Fig. 7 also shows the computationally predicted structures of the shape-persistent cages with the largest internal cavity diameter across each topology, and those that were experimentally observed for comparison, highlighting the difficulty and challenges in experimentally accessing larger cage topologies. U21 was the most common precursor combination to have the largest predicted cavity size for Tri⁴Di⁶, Tri⁶Di⁹ and Tri⁸Di¹² cages, with diamine 21 also being in the precursor combination for the largest predicted Tri²Di³ cage (O21). However, O21 and U21 were not experimentally observed, as only a single combination with diamine 21 resulted in cage formation (N21 in a Tri²Di³ topology, Fig. 5). As discussed above, trialdehyde L performed relatively poorly, with only 27% of L's combinations resulting in any cage formation identified by HRMS. Previously, trialdehyde L has only been reported to form [4 + 4] tri-topic + tri-topic combinations that have resulted in POC formation, including combinations with the flexible triamines B and D.¹¹ In this screen, all of its combinations formed insoluble precipitate, failing the turbidity check, which may be attributed to its large rigid structure with four aromatic rings, lowering its solubility, and therefore its availability in solution for DCC reactions.

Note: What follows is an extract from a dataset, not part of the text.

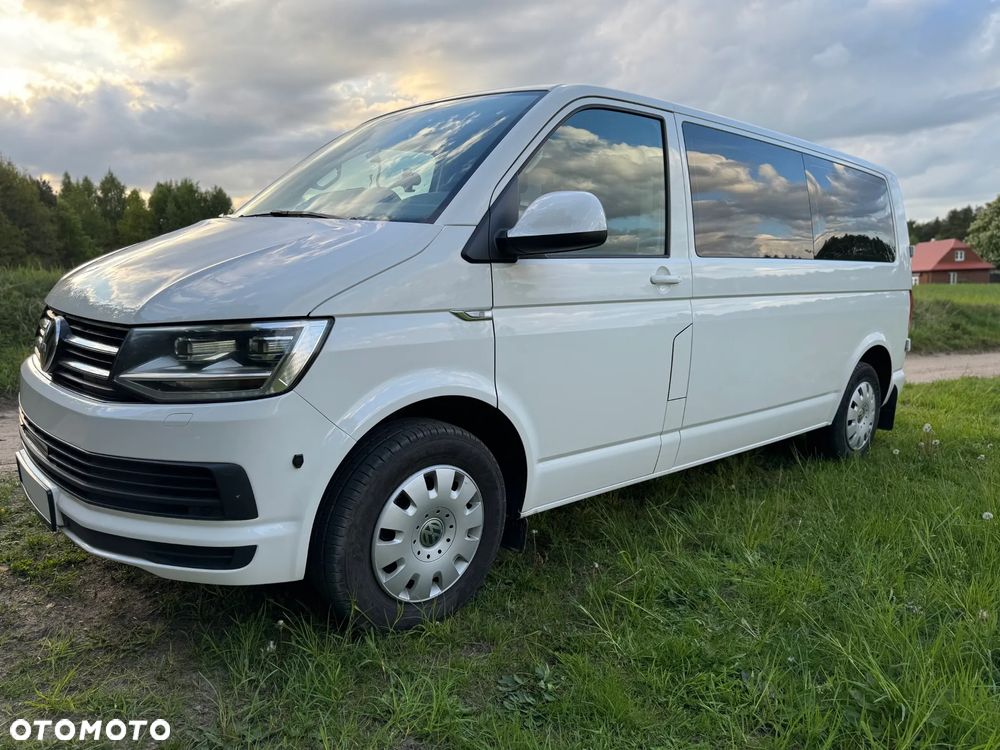 Volkswagen Caravelle 2.0 TDI L2 Comfortline DSG - 3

Despite this, the largest experimental Tri⁴Di⁶ cage formed was L24.

Precursor trend analysis

To further analyse the effect of precursor design on the reaction outcome, we defined each precursor as either ‘rigid’ or ‘flexible’ based upon chemical intuition, and counted the number of aromatic rings each had (Table S1†). We then simplified the reaction outcomes into three classifications – (i) clean formation of a cage either as a single topology or as a mixture of topologies (Fig. 8a and d); (ii) formation of a cage either as a single topology or as a mixture of topologies with full conversion, but with insoluble precipitate present (Fig. 8b and e); and (iii) precursor combinations where no cage topology was identified (Fig. 8c and f).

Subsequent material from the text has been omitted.